Dibiasio’s collection of party snaps from the late 1980s and early 1990s were featured in a special exhibit at last weekend’s LA Art Book Fair, along with the limited edition exhibition catalog Fabulousity: A Night You’ll Never Forget… Or Remember! from Wildlife Press. Ernie Glam wrote the foreword to the book, and luckily for us he still has vivid memories of drug-addled nights spent at the Limelight.

The photographs included in Fabulousity have been tucked away in Ernie's personal archive for the past twenty years. “These are photos from collections that [Alexis] left me before he moved to Florida in 1994. He left me thousands of pictures. He said he was going to eventually come back to New York and get them, but he never came back,” Ernie explained during our talk at the exhibit. He has a distinct recollection of almost every subject photographed. “If I ever get cirrhosis of the liver, this drag queen is responsible for it!” he laughed while pointing at one image as we perused the show.

Our conversation quickly drifted from memories of cranky drag queens writing citations for bad outfits––Brandy Wine and Brenda A Go Go of the self-appointed “Fashion Patrol"––to the ever-evolving world of New York nightlife, the leap from partier to professional, and how to have fun.


Noah Adler: Where are all your costumes today?
Ernie Glam: I still have a whole suitcase full of costumes. I save them figuring maybe there will be a Club Kid archive I can donate them to someday. I already have a pretty big archive, and when Michael Alig gets out of prison, I’m sure he has a lot of Club Kid stuff. We’ll probably put it all together and make an archive.
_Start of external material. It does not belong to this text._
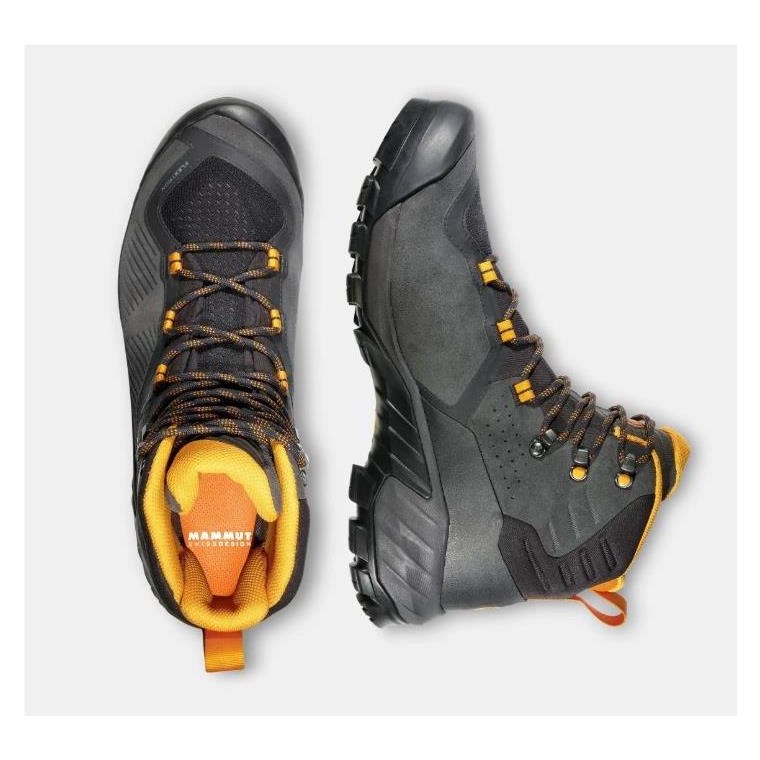Mammut Sapuen High GTX Men Black/Dark Radiant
At what point did people in the scene start careers?
I think it was up to the individual. Some club people never quit. Kenny Kenny, Amanda Lepore, they’re just never going to not do clubs. In Dean Bowery’s case, I think he stopped going out around 1993; he dropped out and devoted himself to his fashion career. He works at Vera Wang now, and I think he worked on the dress that Michelle Obama wore to the second inauguration ball. Another friend of mine who used to hang out with us, she ended up working for Isaac Mizrahi for years. At one point you had to decide if you were going to dedicate yourself to that. You can’t really pursue a career in the fashion industry and go out until 4 o’clock in the morning doing ecstasy four nights a week.